José Tavares reconhece que as autoridades cabo-verdianas “estão a trabalhar muito” no sentido da conservação, mas defende que se podia fazer mais.
“O desafio da conservação deve acompanhar o desenvolvimento do turismo. (…) Não adianta ter o turismo hoje e um pesadelo amanhã”, resume, lembrando que se a conservação for descurada, pode pôr-se em risco o próprio produto turístico que é a biodiversidade em geral e as tartarugas em particular.
A observação de tartarugas já é uma das ofertas turísticas da Boa Vista, mas Tavares alerta que a actividade tem de ser controlada.

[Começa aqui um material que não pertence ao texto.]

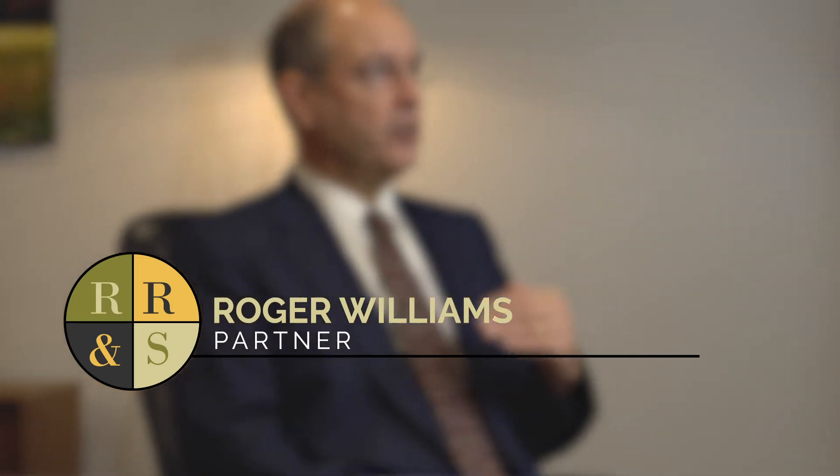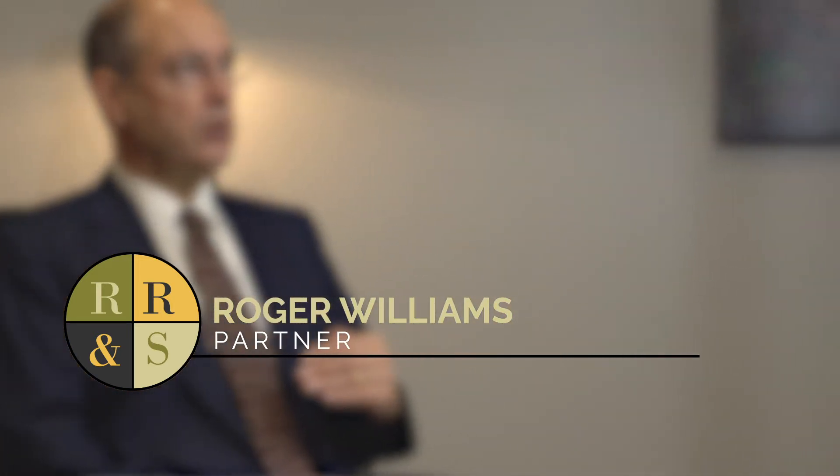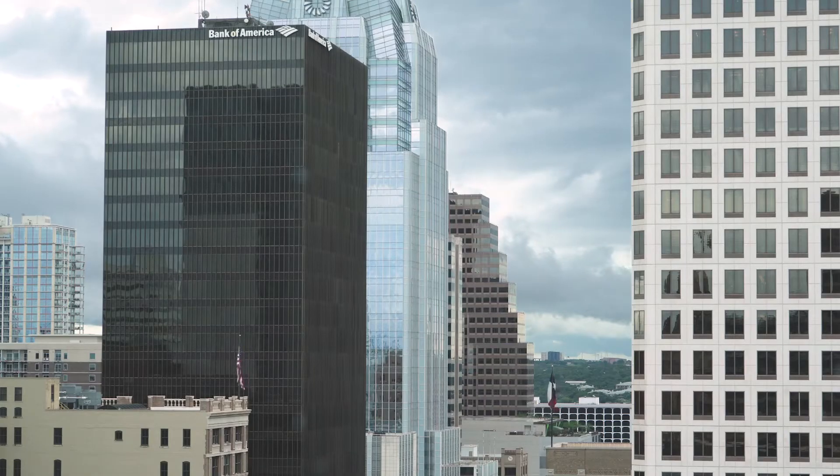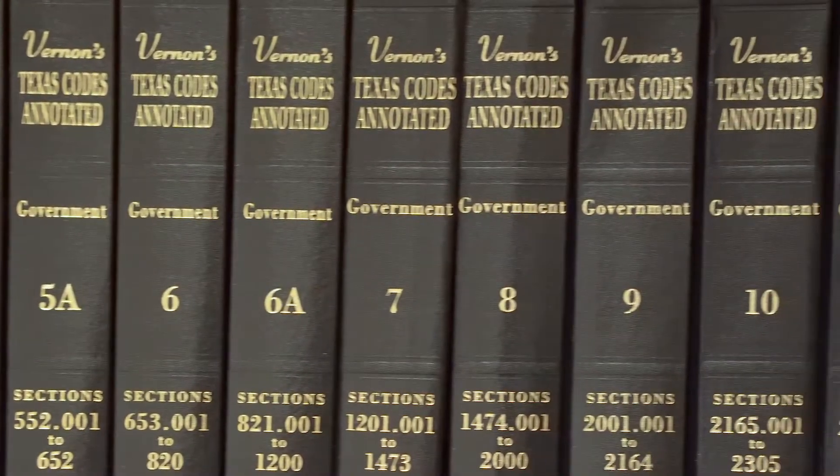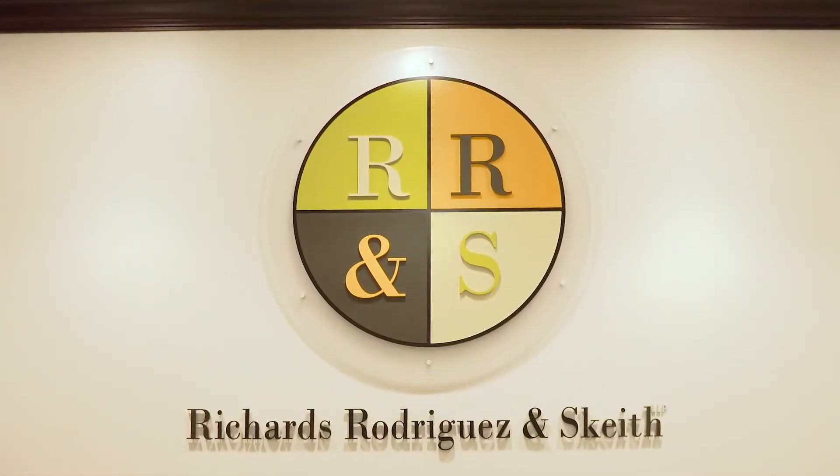Utility patents cover what the product does; design patents cover the ornamental features of the article. We think of design patents as the gold standard for protecting designs in the United States. They last for 15 years, you can use them to stop import of infringing articles at the border, and there's no intent requirement for infringement — if a bad guy is infringing your patent, you can stop them whether or not they know about it.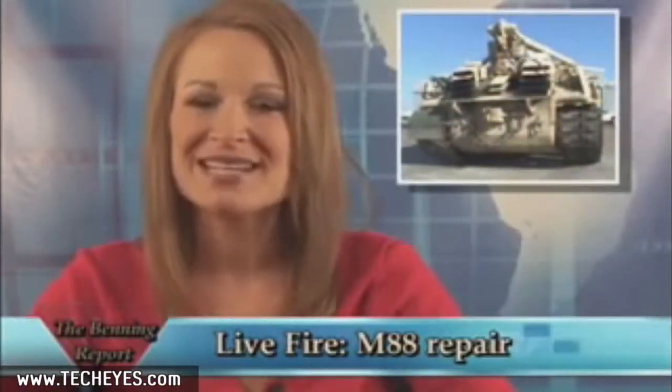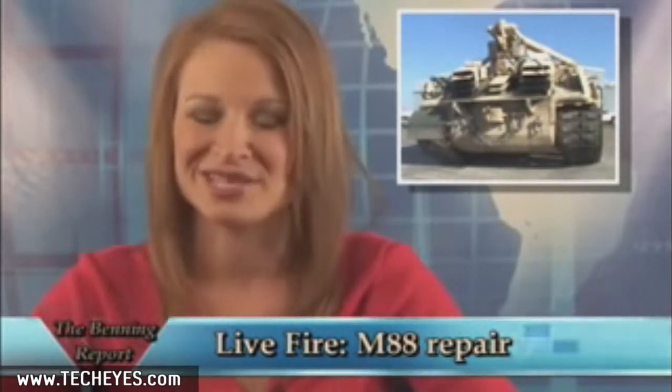Welcome back to the Benning Report. It's not just our injured soldiers that need rescuing from the battlefield — machines sometimes become casualties during conflicts. And that's where the M-88 comes in. Ron Endres explains how they are now coming to Fort Benning for their own recovery, thanks to Fort Benning's Directorate of Logistics M-88 Reset Program.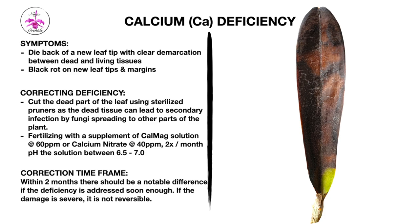The solution is to cut off the dead part of the leaf using sterilized pruners, as dead tissue can lead to secondary fungal infection spreading to other parts of the plant. In the meantime, correct the calcium deficiency by supplementing the orchid with either a cal-mag solution or calcium nitrate — I'll refer to the recipe video for quantities, pH, and frequency. If you've been fertilizing and supplementing and still notice deficiency symptoms, the calcium and magnesium content may be too low and should be increased.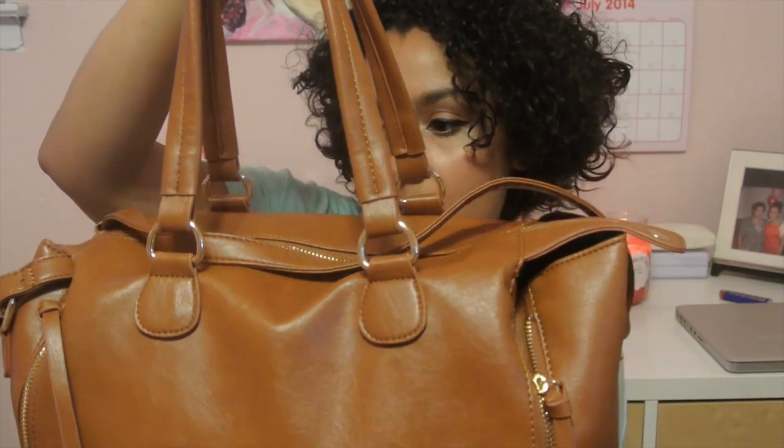This is my bag — my current, everyday bag. I got it from Forever 21. It's a satchel that I converted, because I didn't like the fact that you could disconnect the little satchel handle, so I stuffed it inside the bag. But yeah, this is what it looks like. It's a good sturdy bag, actually. I have a lot of stuff in here, so let's get started.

“Nós estamos conscientes de que todo o turista que cá chegar quer ver uma tartaruga. Seria muito bom que fosse possível, mas infelizmente não é porque estamos a falar de uma espécie em vias de extinção”, afirma.
Tavares acredita que é possível conciliar turismo e conservação e assume que esse é um grande desafio, mas acrescenta que o maior problema ainda é outro.

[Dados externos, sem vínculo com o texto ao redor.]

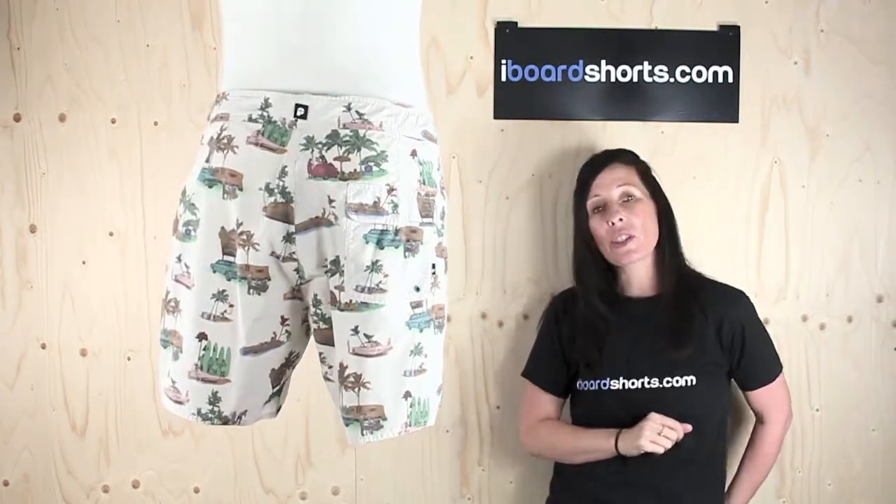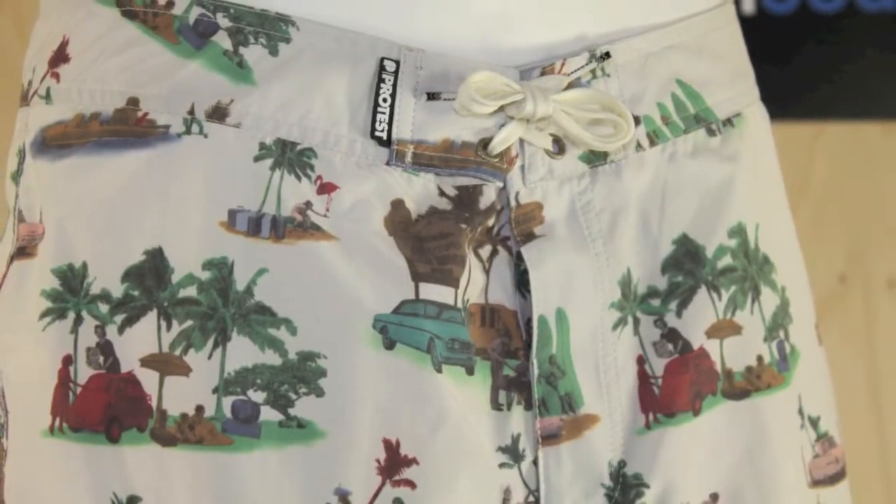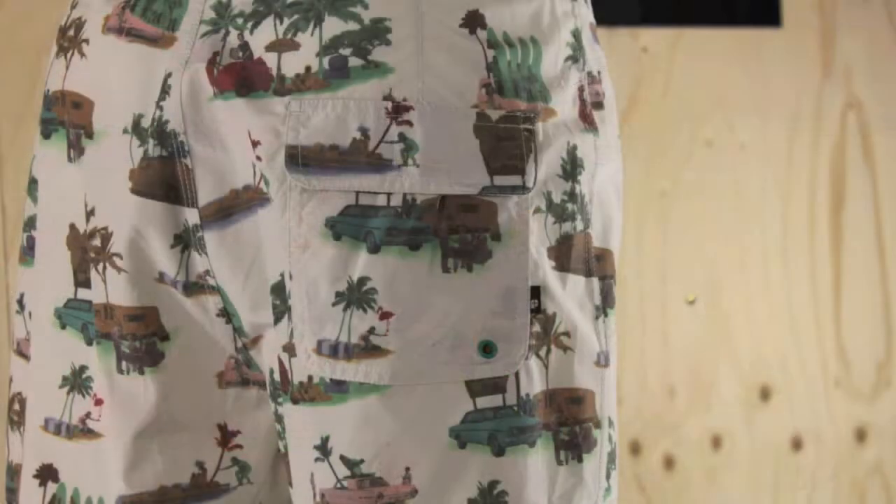They're really retro as well, just 16 inches in length. They feature the Lycra fly for your alternate comfort with velcro and a drawstring, and they've got a velcro pocket on the back.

“A principal ameaça continua a ser a apanha”, porque a carne de tartaruga ainda é vista como um petisco típico na ilha, conta, exemplificando que, em 2007, 40% da população nidificante na Boa Vista foi apanhada.
Desde então, um trabalho de vigilância das praias, realizado pela Fundação Tartaruga e por outras organizações não-governamentais, permitiu reduzir o número de tartarugas apanhadas para 18% em 2008, cinco por cento em 2009 e em 2010/11 para 1%.
Agora, assume Tavares, “o grande desafio é trabalhar a educação ambiental para que o cidadão cabo-verdiano e o turista tenham em consideração a conservação das tartarugas” e para que o patrulhamento das praias possa um dia ser coisa do passado.
O problema, reconhece, é que a população ainda não sente “o impacto direto do turismo e das tartarugas nas suas vidas”.
*Esta notícia foi, originalmente, escrita em português europeu e foi mantida em seus padrões linguísticos e ortográficos, em respeito a nossos leitores.